Un gran hombre con sombra de árbol

Hace algo más de tres años, mientras acompañaba una investigación curatorial para la Universidad Federal de Minas Gerais, de Belo Horizonte, se me presentó uno. Lo insólito es que lo conocí a través de una serie de sus dibujos, específicamente, unos que llevan por título La Chagra de la maloca; un trabajo bastante atípico, fuera de lo común, distinto a lo que a un curador de arte usualmente se le atraviesa.

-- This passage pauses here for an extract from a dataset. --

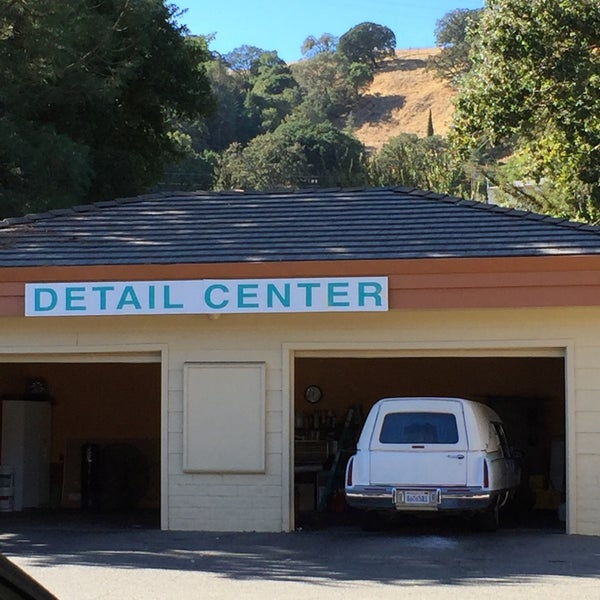 Autopia Car Wash 3 tips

Ese primer momento estuvo marcado por una extraña y a la vez acogedora luz de sabiduría que emanaba de esas cuatro piezas de papel, intervenidas tan solo con tinta china, de tonalidades verdes. El tema: un cultivo de donde se sirven los habitantes de la espesa selva, un claro en la Amazonia que recreaba cuatro momentos de un ciclo de siembra, de ahí su nombre. Se trataba de un trabajo claramente descriptivo, narrativo, sumamente riguroso en cada detalle, saturado de datos en cada gesto y trazo. Era un documento de corte científico pero con la calidad y la fuerza comunicacional emancipada del arte. Mi recogimiento fue tal que luego de un rato, después de asimilar el descubrimiento, pensé que esa era la sensación de la luz cegadora afuera de la caverna, la del mito de Platón.

Sin ninguna información previa sobre lo que estaba contemplando, esos dibujos me enseñaron, en un santiamén, un millar de cosas desconocidas, misteriosas, de una forma reveladora. Como bañado por un torrente nutritivo, recibí una descarga fausta. Esa fue la primera vez que sentí la presencia de don Abel Rodríguez, un taita, un abuelo indígena del Amazonas, el legatario de una inmensa tradición poco conocida y el último de los nonuya, una familia que recorrió por años tierras y aguas del Parana Guazú, del río Grande, el vecino del mar.